Nonetheless, if this wall were behind us, if there were a stronger expectation of rates being flat or perhaps even falling,
if people's inflation-adjusted pay keeps on rising, and let's bear in mind it has risen for the last two years, then maybe in the second half of the year, we could see a degree of perkiness.
But nonetheless, I'd be surprised if this is a year of which the housing market turns decisively.
Yeah, as was when I look at the affordability measures, one of the things that I think is that the people who would normally be buying houses now, maybe the first-time buyers, are also the ones who have the nine percentage points extra of effective income tax to pay in their student loans.
And that's a new dynamic in the housing market that might make it drag rather more than you might have expected previously looking at the affordability numbers.
Completely.
I mean, at a time when...
I mentioned the jobs market was soggy.
For young people, it's dripping wet, isn't it?
And that is true both of those, if you like, without a degree and usually for those with a degree as well.
Rates of graduate unemployment are sky high and that's uncomfortable against a backdrop of them carrying around
That leads us neatly, neatly, neatly onto AI.

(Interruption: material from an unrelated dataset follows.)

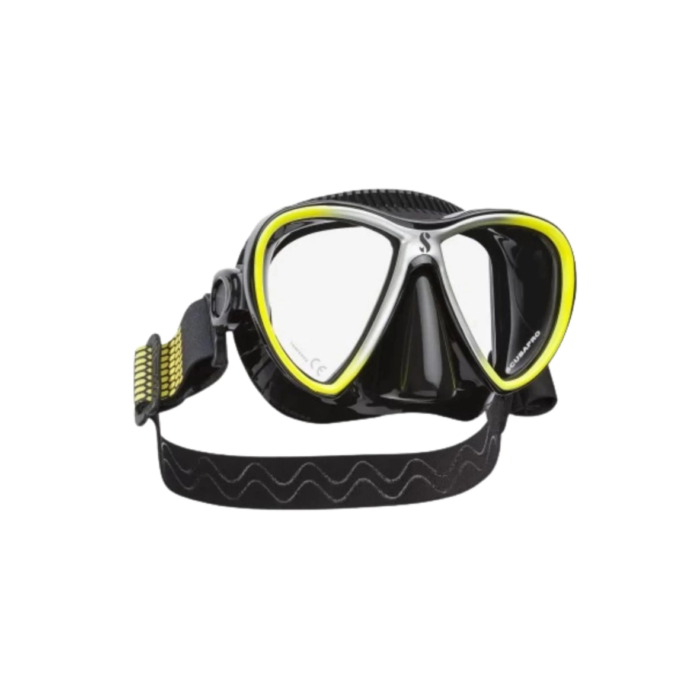 Maska nurkowa Scubapro Synergy Twin black-yellow Maska nurkowa Scubapro Synergy Twin black-yellow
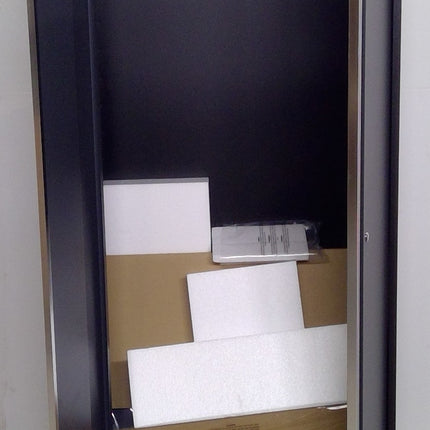 30" Black and Gray Steel Storage Cabinet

And when I look at the unemployment numbers for the young today and how difficult it is for them to get jobs, and everyone says, oh, well, it's AI taking all the entry jobs, AI taking the graduate jobs, et cetera.
I suspect that's not really true.
And in fact, there aren't any graduate jobs because that parts of the UK are effectively in recession and people simply aren't hiring because the environment isn't good enough for it.
And
And we look at it and we're casting around for a reason.
But this may just be an entirely normal employment recession of the type that we've seen many times before.
And certainly when I graduated, there were literally no jobs available.